## Assignment
Pictures in the records below must be left out. Return exactly the lines from the line with "Könnte beinhalten: Ein" to the line with "SCOP entrega nuevas", both included.

## Available records
*** Begin section ***
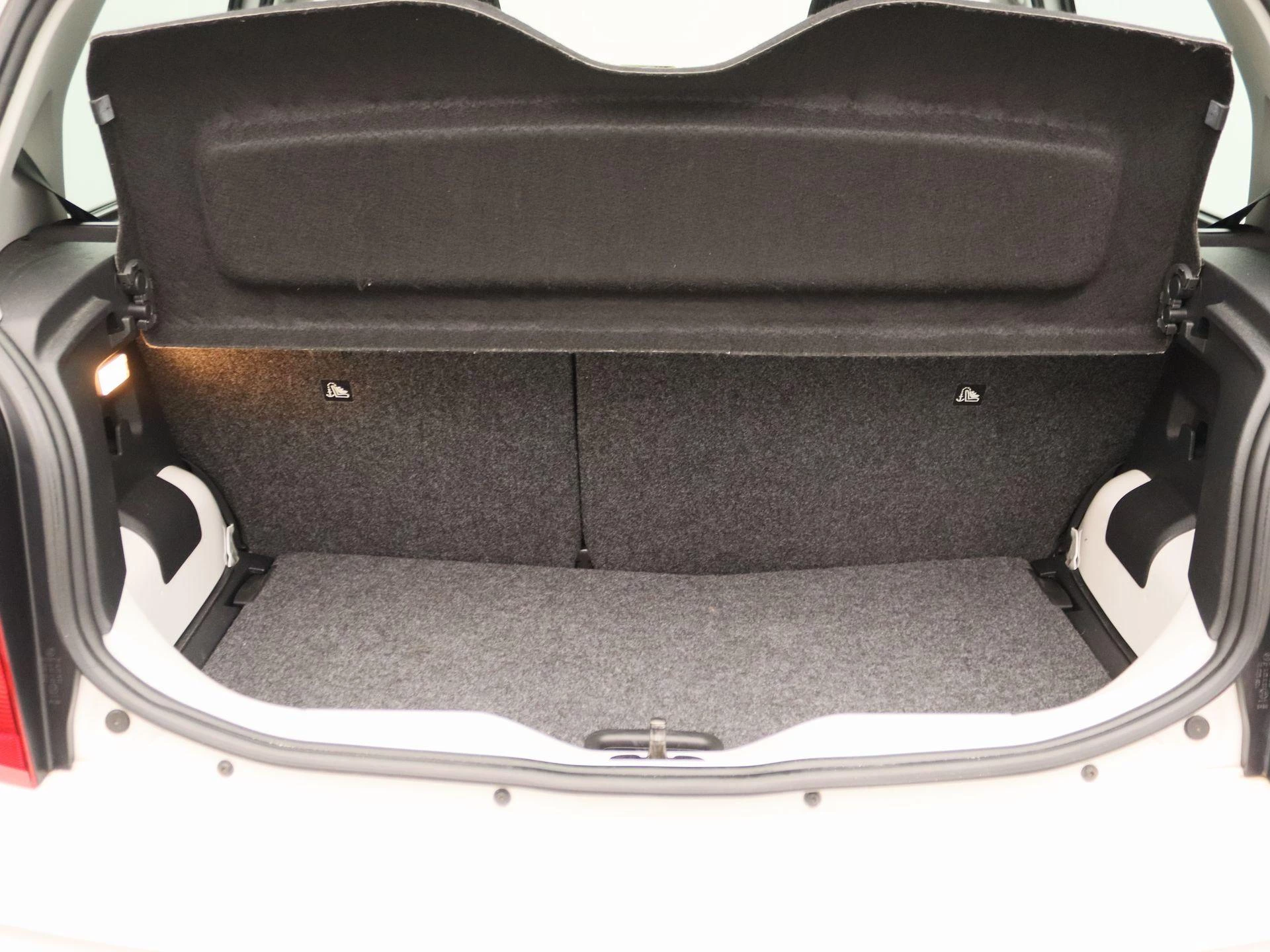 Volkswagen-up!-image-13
*** End section ***
*** Begin section ***
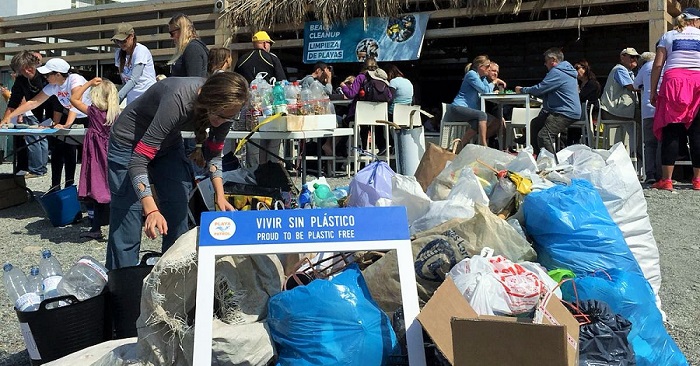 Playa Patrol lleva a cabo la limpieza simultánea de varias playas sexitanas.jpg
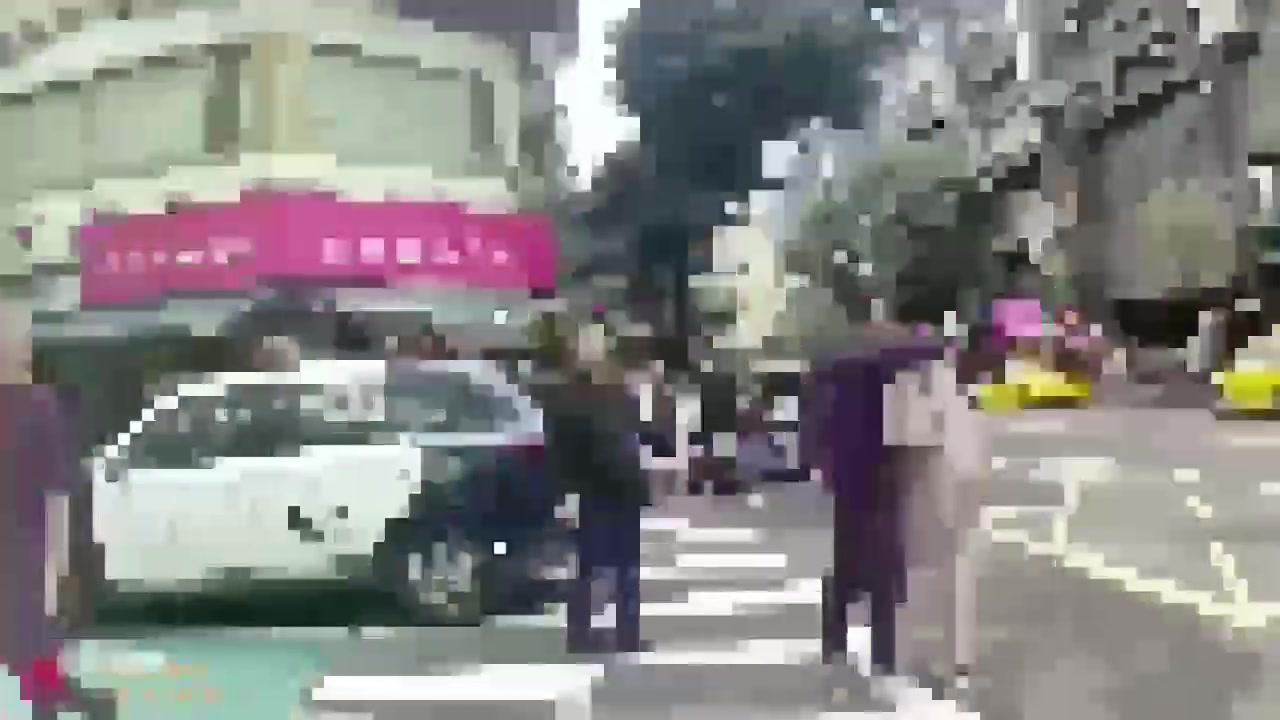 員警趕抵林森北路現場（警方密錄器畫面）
*** End section ***
*** Begin section ***
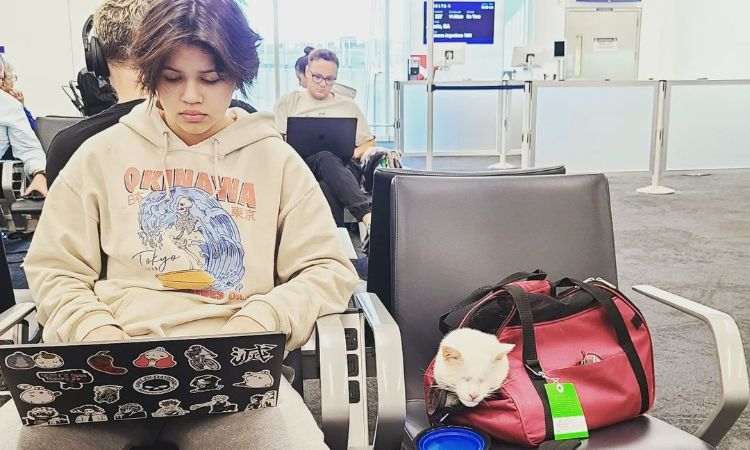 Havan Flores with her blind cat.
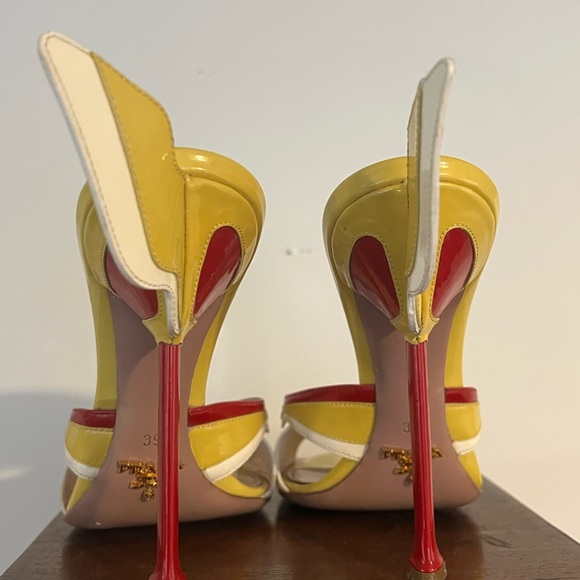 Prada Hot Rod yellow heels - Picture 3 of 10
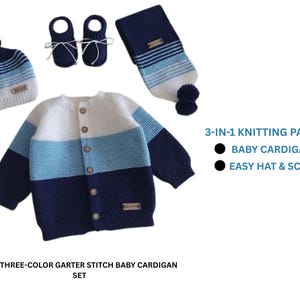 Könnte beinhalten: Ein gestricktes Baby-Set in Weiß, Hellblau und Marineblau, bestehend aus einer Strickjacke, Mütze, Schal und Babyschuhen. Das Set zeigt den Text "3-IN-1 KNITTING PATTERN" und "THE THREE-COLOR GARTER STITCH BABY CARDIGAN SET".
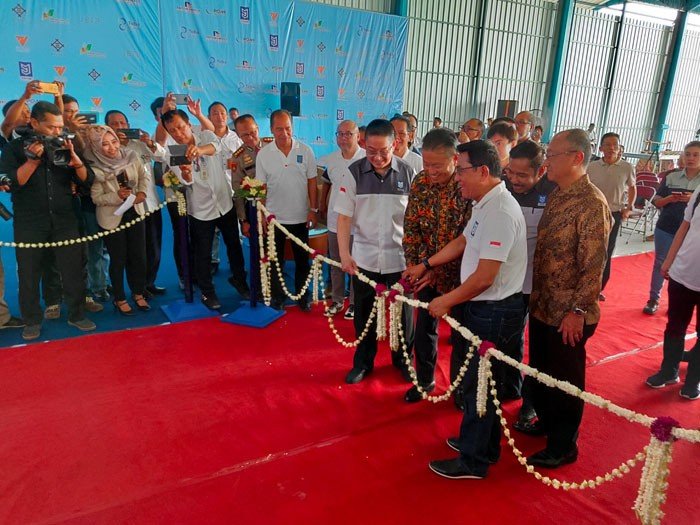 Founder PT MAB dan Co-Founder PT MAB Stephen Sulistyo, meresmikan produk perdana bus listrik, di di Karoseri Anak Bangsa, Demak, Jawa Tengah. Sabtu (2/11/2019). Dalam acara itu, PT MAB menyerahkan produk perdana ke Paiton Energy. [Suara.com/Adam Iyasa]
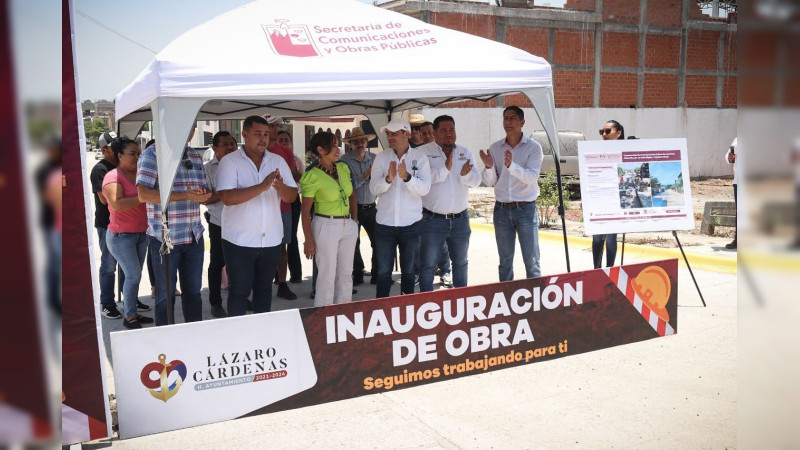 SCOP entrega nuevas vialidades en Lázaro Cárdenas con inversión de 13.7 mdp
*** End section ***
## Task solution
 Könnte beinhalten: Ein gestricktes Baby-Set in Weiß, Hellblau und Marineblau, bestehend aus einer Strickjacke, Mütze, Schal und Babyschuhen. Das Set zeigt den Text "3-IN-1 KNITTING PATTERN" und "THE THREE-COLOR GARTER STITCH BABY CARDIGAN SET".
 Founder PT MAB dan Co-Founder PT MAB Stephen Sulistyo, meresmikan produk perdana bus listrik, di di Karoseri Anak Bangsa, Demak, Jawa Tengah. Sabtu (2/11/2019). Dalam acara itu, PT MAB menyerahkan produk perdana ke Paiton Energy. [Suara.com/Adam Iyasa]
 SCOP entrega nuevas vialidades en Lázaro Cárdenas con inversión de 13.7 mdp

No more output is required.